Figure 4 Loss of deleted in colorectal cancer (DCC) gene expression of gastric cancer.
N: Normal tissue T: Tumor tissue; M: Marker of molecular weight, PBR 322/Hae III; 1 and 3: Normal expression; 2: loss of heterozygosity (LOH).
Correlation between LOH and LOE of DCC and clinicopathological data of gastric cancer are illustrated in Table 1. χ2 test demonstrated that LOH of DCC was significantly higher in stages III and IV gastric cancer than that in stage I or II (P < 0.05). Correlation between LOH and LOE is shown in Table 2. The paired data were analyzed with χ2 test and no significant correlation was found between LOH and LOE (p > 0.05).
Table 1 Relationship of loss of heterozygosity (LOH) and mRNA expression (LOE) of deleted in colorectal cancer (DCC) with clinicopathological parameters.

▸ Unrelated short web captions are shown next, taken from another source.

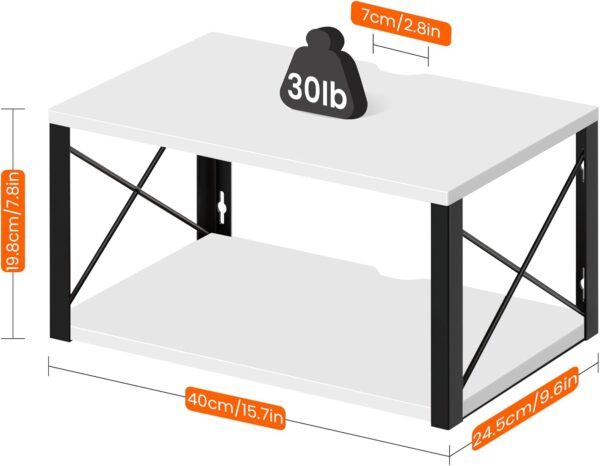Floating Night Stand, Modern Bedside Shelf Wall Mount, Wood Hanging Nightstand with Wire Hole, Floating Side Table for Bedroom Bathroom Living Room Small Places, White 2 Floating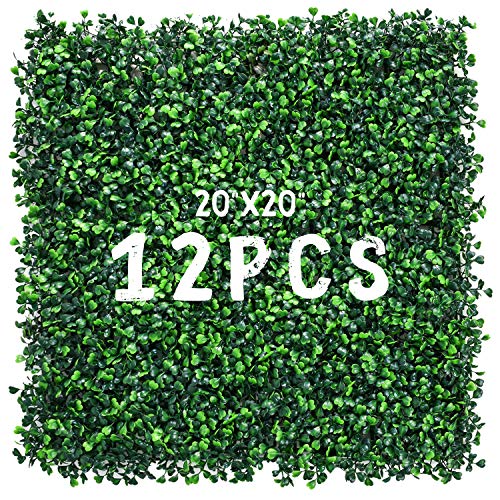 Decwin 12 Pieces 20” X 20” Artificial Hedge Boxwood Panels Boxwood Hedge Grass Wall Green Greenery Plant Mats UV Stable for Indoor Outdoor Decor Garden Fence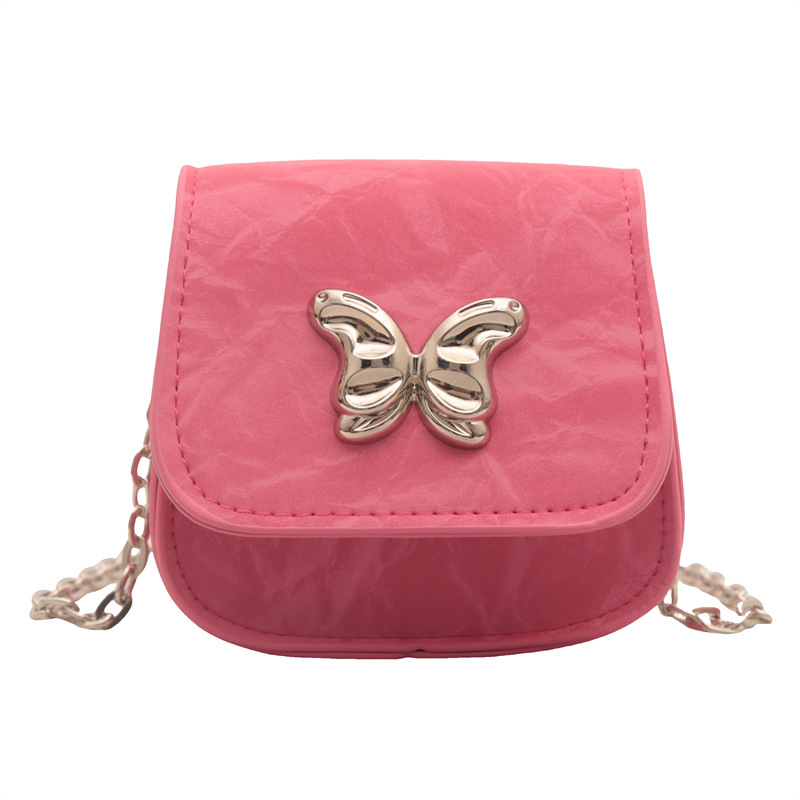 Mariposa de personalidad estética francesa 2024 otoño nuevo color sólido casual moda cadena mensajero hombro pequeño bolso cuadrado mujer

Table 2 Relationship between loss of heterozygosity (LOH) and mRNA expression (LOE) of deleted in colorectal cancer (DCC) gene.
Groups
LOH
LOE
No. of cases (%)
1
+
+
4 (15.4)
2
-
-
14 (53.8)
3
-
+
4 (15.4)
4
+
-
4 (15.4)
DISCUSSION
The DCC gene is located on the human chromosome 18q21.3. It was reported that the inactivation of this gene is closely related to the pathogenesis of colorectal, esophageal and pancreatic carcinoma, and this gene is considered a susceptible gene in gastrointestinal carcinomas. Uchino et al[12] and Ranzani et al[19] reported that the rate of LOH of DCC in gastric cancer was 61% and 42.9%, respectively; in our study, this rate was 35.5%. Together, these results suggest that DCC gene takes part in the pathogenesis of gastric cancer through its LOH.
To our knowledge, this is the first report on the expression of mRNA of DCC gene in gastric cancer, which confirmed the LOE of DCC mRNA in the gastric cancers with RT-PCR. This suggests that the inactivation of DCC in gastric cancer occurs in various patterns, and further confirms that the DCC gene is the susceptible gene of gastric cancer, playing an important role in the pathogenesis of gastric cancer.

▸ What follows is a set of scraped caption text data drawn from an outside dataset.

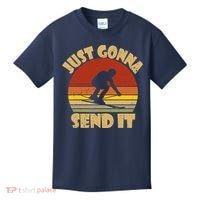 Skiing Lovers Just Gonna Send It Skiers Gift Kids T-Shirt thumb 0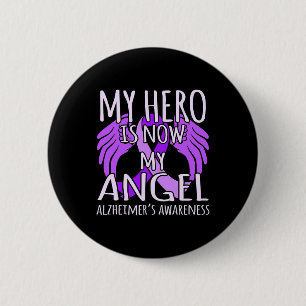Is Now My Angel Alzheimerheimer's Awareness Purple 6 Cm Round Badge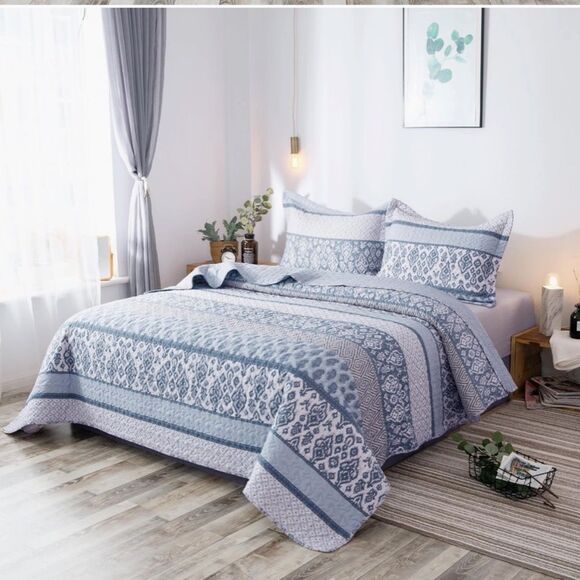 Cottage Boho Printed Queen Quilt Set Granny Shabby Chic Country Rustic New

The histological progression associated with the intestinal type of gastric cancer has been well documented, with apparent evolution through a sequence of superficial gastritis, intestinal metaplasia and dysplasia[20,21]. Lesions indicating an adenoma carcinoma sequence similar to that in the colorectum were also observed in the stomach[22]. In the present study we have found that the rate of LOE of DCC was as high as 44.4% in intestinal type of gastric cancer, which approached that of the rate seen in colorectal carcinoma[23]. However, the rate of LOE was rather low in gastric type of gastric cancer. Though there was no statistical difference between the two types of gastric cancer, similarities in genetic alterations between colorectal carcinoma and intestinal type of carcinoma may reflect a carcinogenetic pathway common to colorectal carcinoma and gastric carcinoma. It was also found in our study that the rate of LOH of intestinal type of DCC was similar between the two types of gastric cancer. Whether the effects of LOH and LOE of DCC gene are different between the two types of gastric cancer needs further studies.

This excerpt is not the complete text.